Write every record below out exactly; no images.
• • • • •
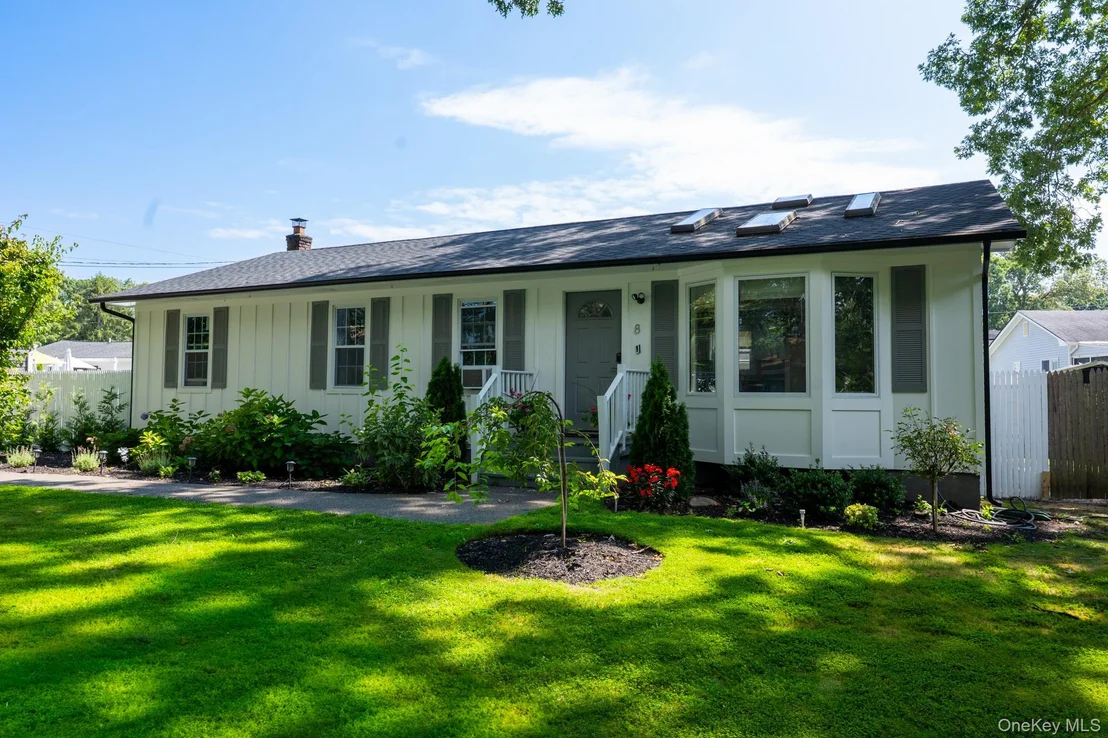 Photo of 8 Silver Road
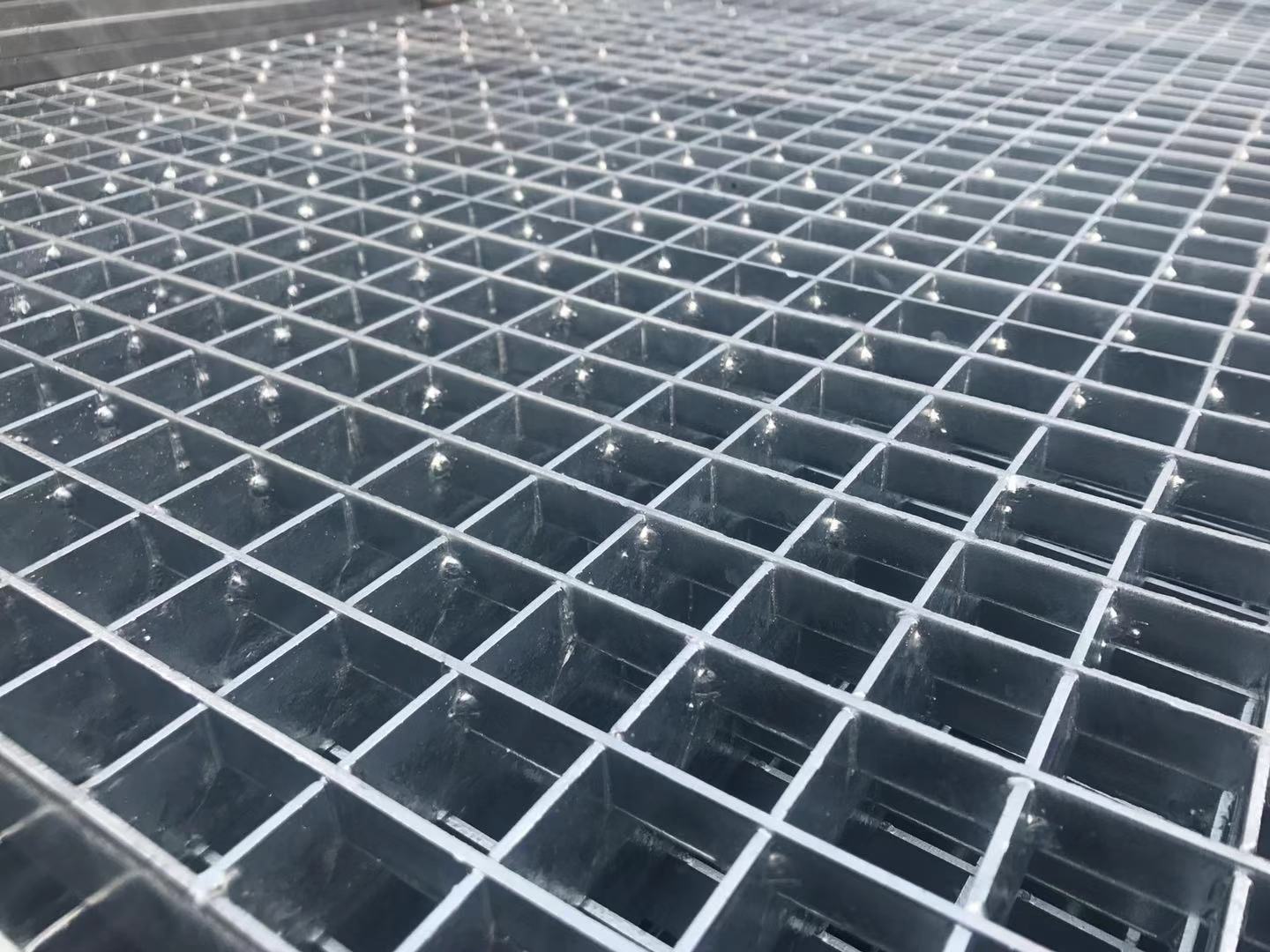 How to install steel grating correctly and efficiently?
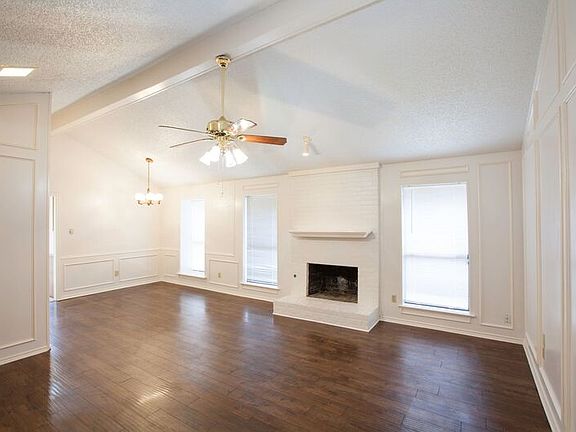 3rd image of 2025 Lorient Dr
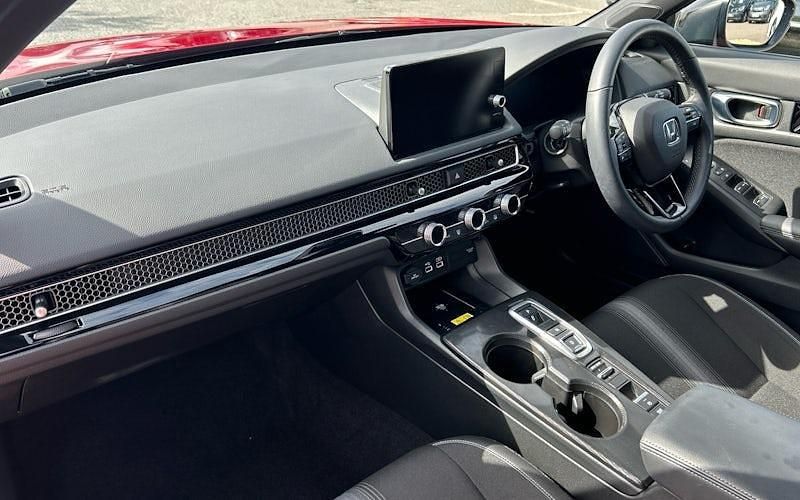 Used Honda Civic Hybrid 143 HP (105 kW) 2025 Red Hatchback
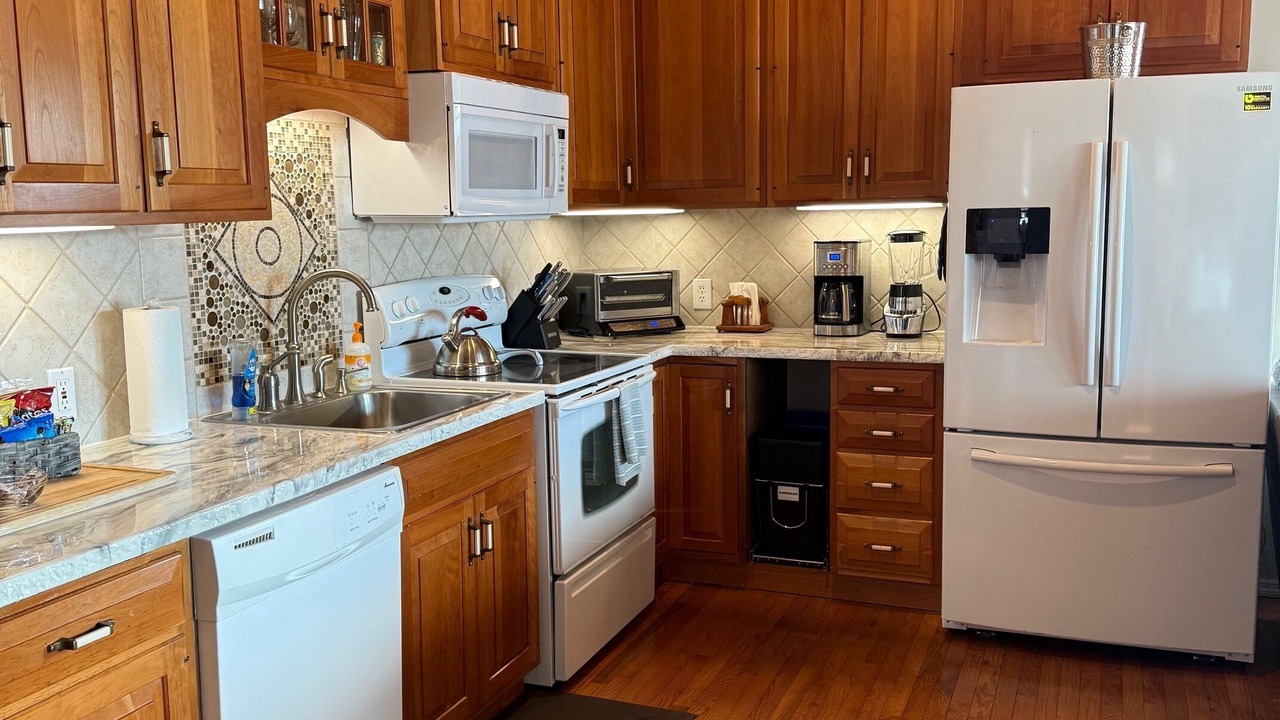 Photo of Kitchen in White Lake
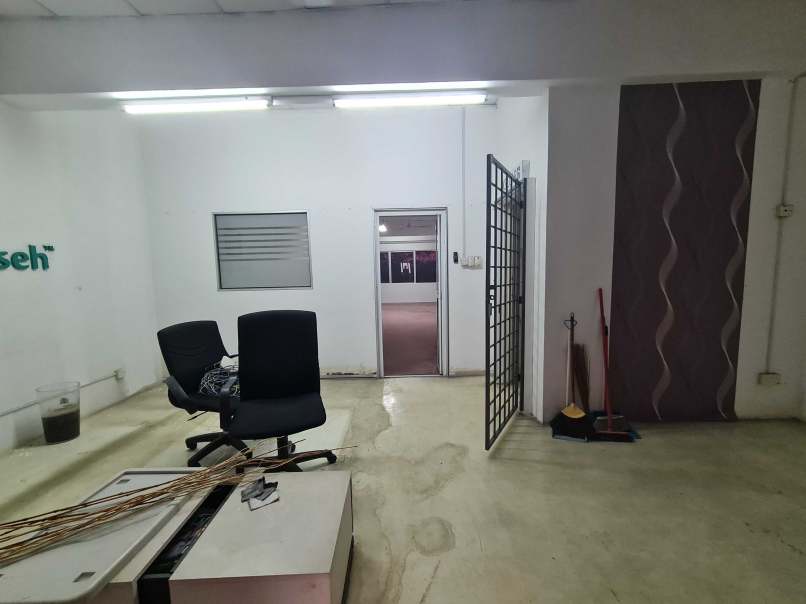 Subang Galaksi 1st Floor Office 22x75sf Furnished - photo 3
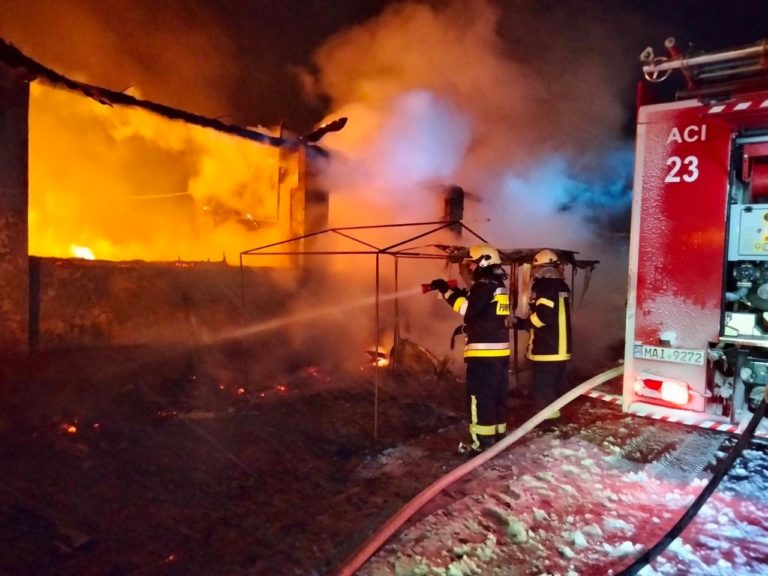 (ФОТО) На рынке в Бричанах ночью вспыхнул пожар: сгорело несколько торговых киосков
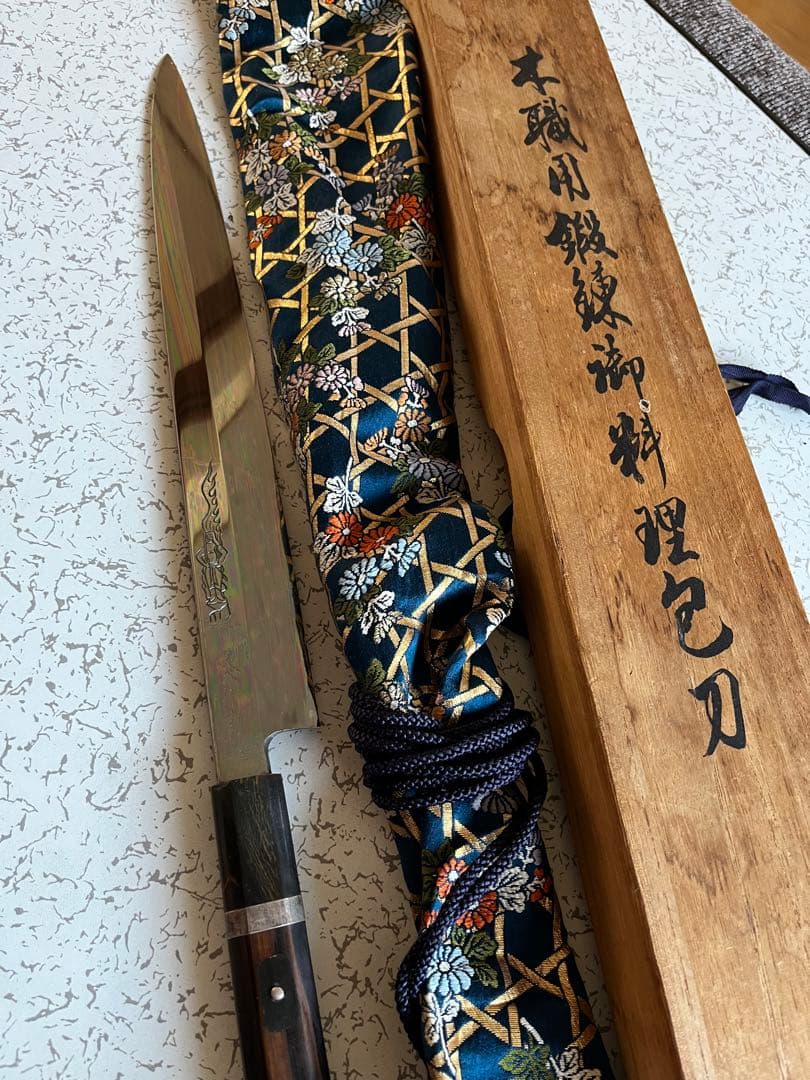 柳刃包丁　水本焼　極上　尺ニ寸 かまた刃研社 白二鋼水本焼（富嶽模様）柳刃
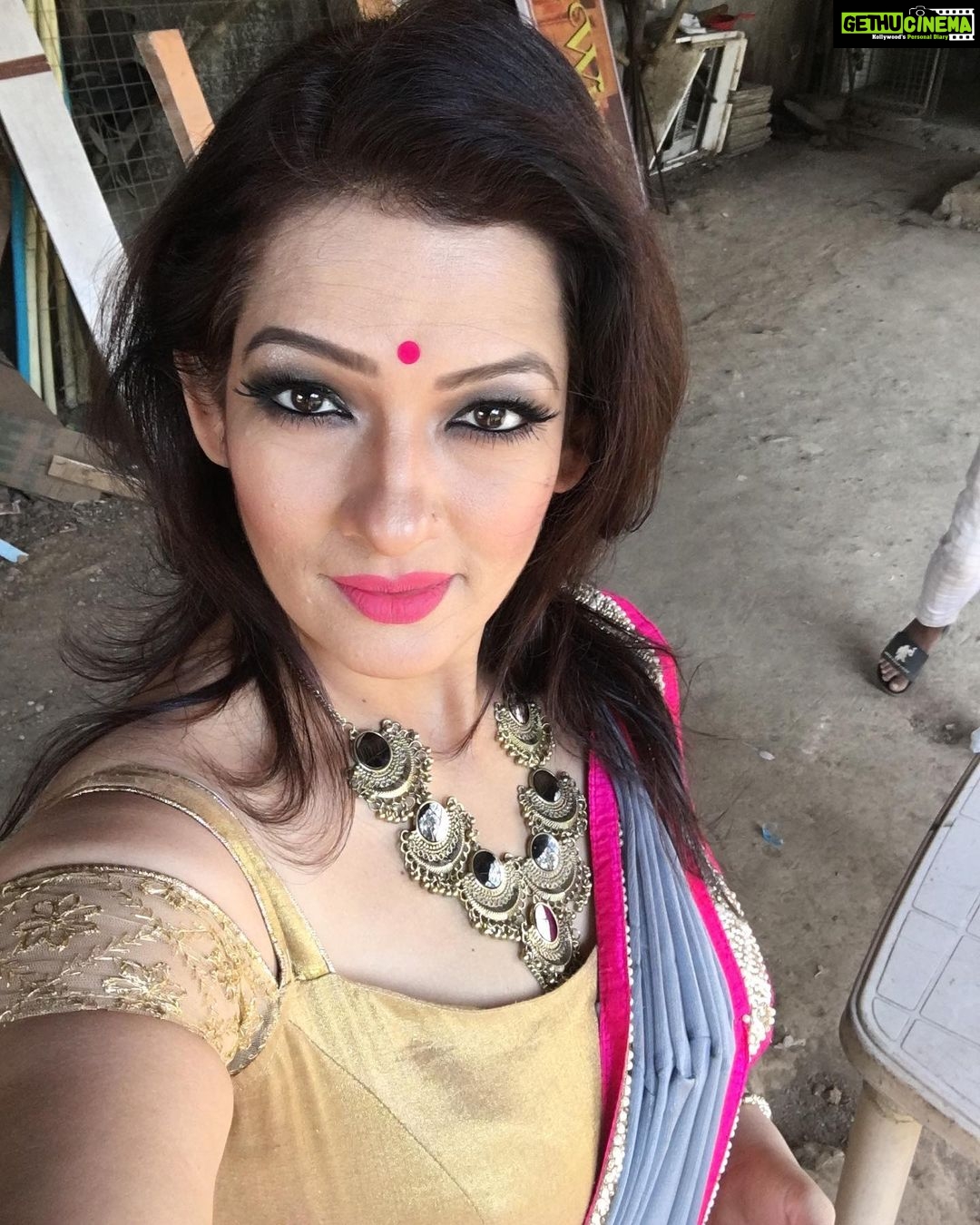 Falguni Rajani - 18.4K Likes - Memories of #bhabijigharparhain
2018
@irisproductions89
@shreemantagharchisoonofficial
@shreemanta_ghar_chi_soon
@shreemanta_gharchi_soon
@shrimantagharchisoonofficial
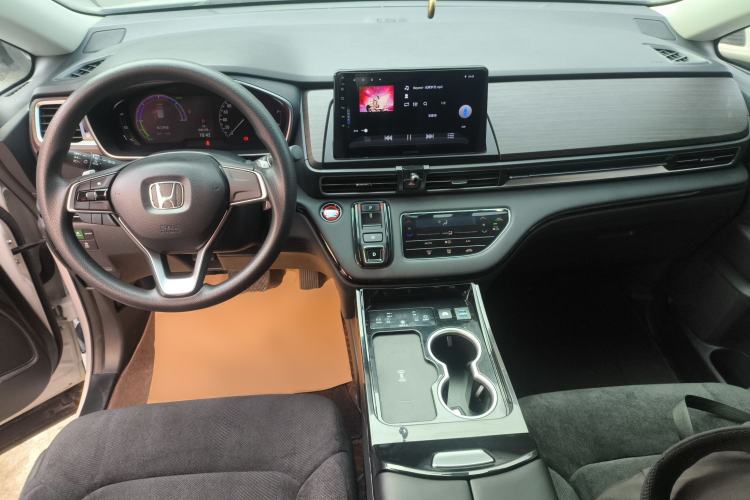 Used Honda Odyssey 2022 2.0L eHEV Sharp Enjoyment Edition Center Console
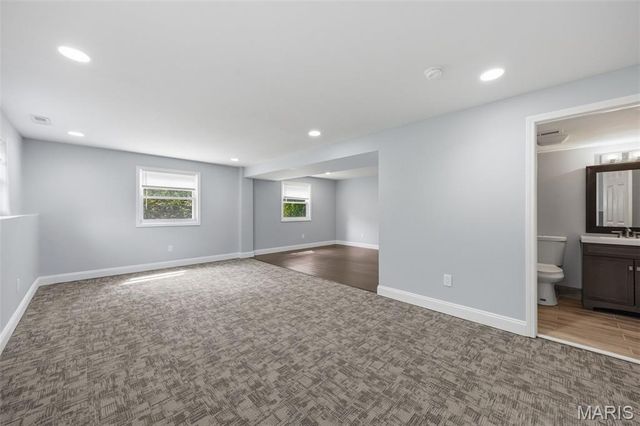 15565 Old Jamestown Road, Florissant, MO 63034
• • • • •
__TASK ANSWER__.
 Photo of 8 Silver Road
 How to install steel grating correctly and efficiently?
 3rd image of 2025 Lorient Dr
 Used Honda Civic Hybrid 143 HP (105 kW) 2025 Red Hatchback
 Photo of Kitchen in White Lake
 Subang Galaksi 1st Floor Office 22x75sf Furnished - photo 3
 (ФОТО) На рынке в Бричанах ночью вспыхнул пожар: сгорело несколько торговых киосков
 柳刃包丁　水本焼　極上　尺ニ寸 かまた刃研社 白二鋼水本焼（富嶽模様）柳刃
 Falguni Rajani - 18.4K Likes - Memories of #bhabijigharparhain
2018
@irisproductions89
@shreemantagharchisoonofficial
@shreemanta_ghar_chi_soon
@shreemanta_gharchi_soon
@shrimantagharchisoonofficial
 Used Honda Odyssey 2022 2.0L eHEV Sharp Enjoyment Edition Center Console
 15565 Old Jamestown Road, Florissant, MO 63034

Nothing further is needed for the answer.